こうした全国的な特養不足問題を受けて国は2015年、介護保険法を改正。従来の入所条件「要介護度1」(身の回りの世話に何らかの介助が必要で、問題行動・理解低下がみられることがある)から、原則として「要介護度3」(身の回り全体に介助が必要で、いくつかの問題行動や全般的な理解低下)以上に改められた。
対象が絞られたことで三浦市でも2年前の159人に対し、今年4月時点の待機者は99人に。減少理由はそのほかにも、介護施設の多様化や在宅介護の浸透となども考えられるが、要件改正が与えた影響は大きい。
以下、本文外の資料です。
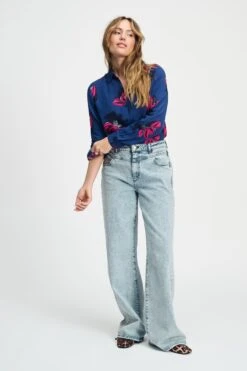 BLOUSE - Mila Delicacy Pink 12 BLOUSE - Mila Delicacy Pink -Pom Amsterdam pom amsterdam blouses blouse mila delicacy pink 72739580248444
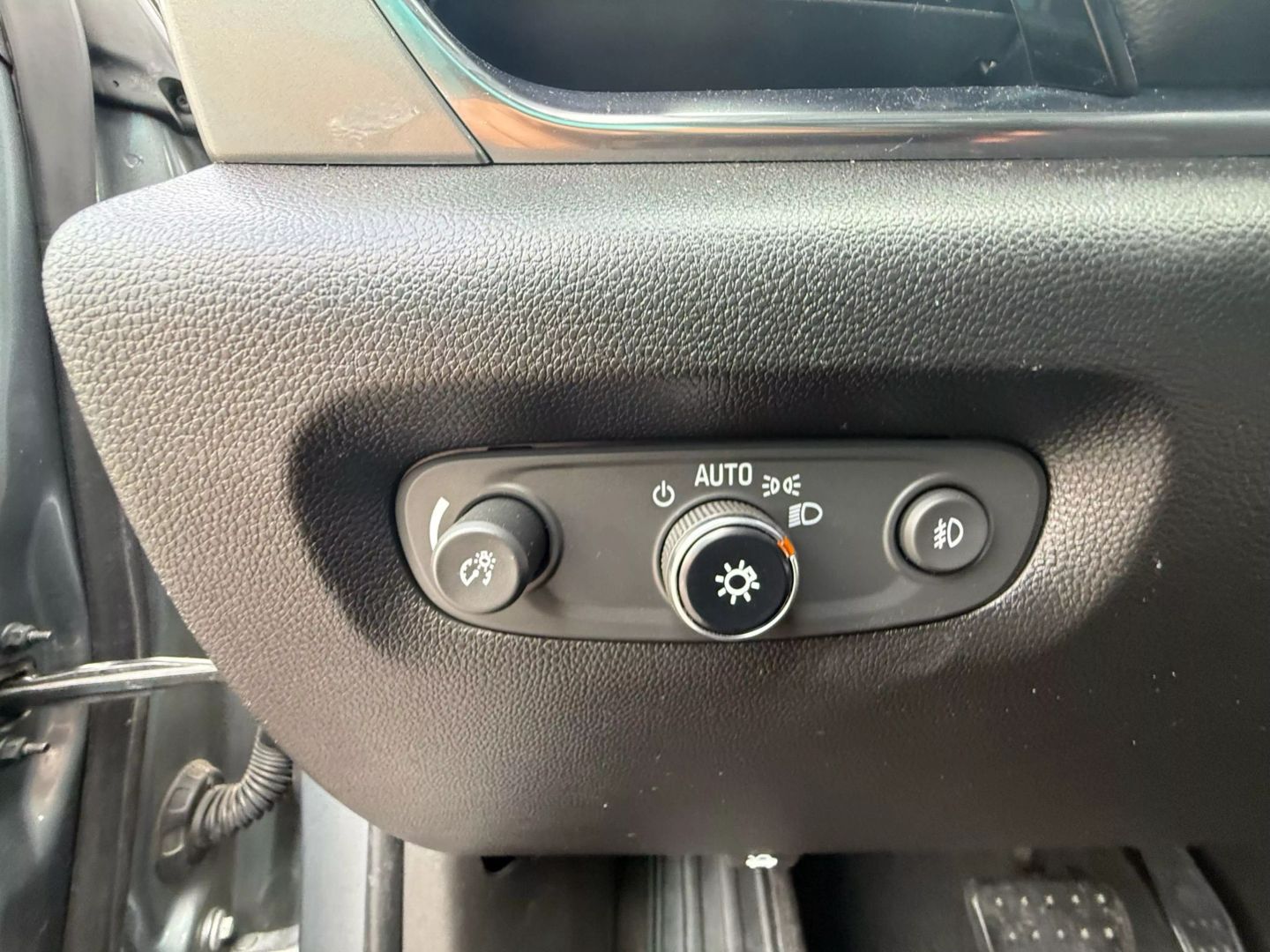 2019 Chevrolet Traverse - Image 22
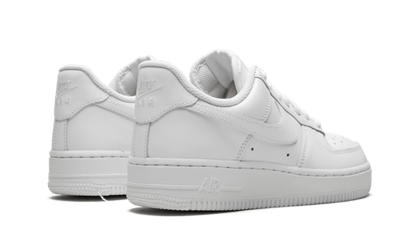 Buty Nike Nike Air Force 1 Low '07 Triple White - widok z przodu - Rozmiary EU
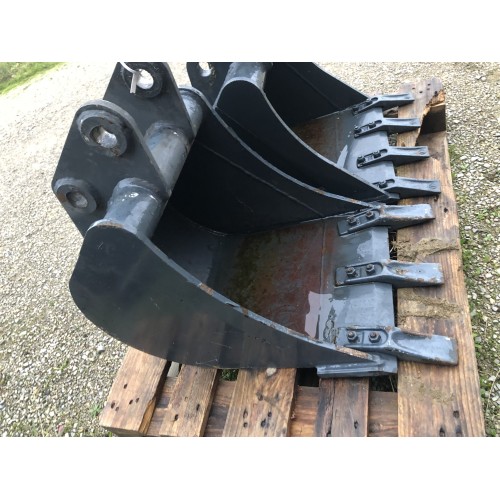 Godet terrassement 450mm axes 35mm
また、市では入所待機者の解消をめざし、施設整備を推進。特養施設とそれに併設するショートステイの新設事業に対し、1床あたり5万円の補助を実施。今月1日、下宮田にケアホーム三浦が開所し、今夏には遊楽の丘(仮称/上宮田)がオープンを控えており、課題解消の追い風として期待を寄せる市民も多い。
予防で介護難民減少へ
しかし一方、重症者を優先したことで入所要件に満たなくなった要介護1〜2認定者、いわゆる”介護難民”と呼ばれる層も存在する。団塊の世代が後期高齢者となる2025年には、要介護認定者のさらなる増加が予想されるが、その改善策として期待されるのが在宅での介護ケアだ。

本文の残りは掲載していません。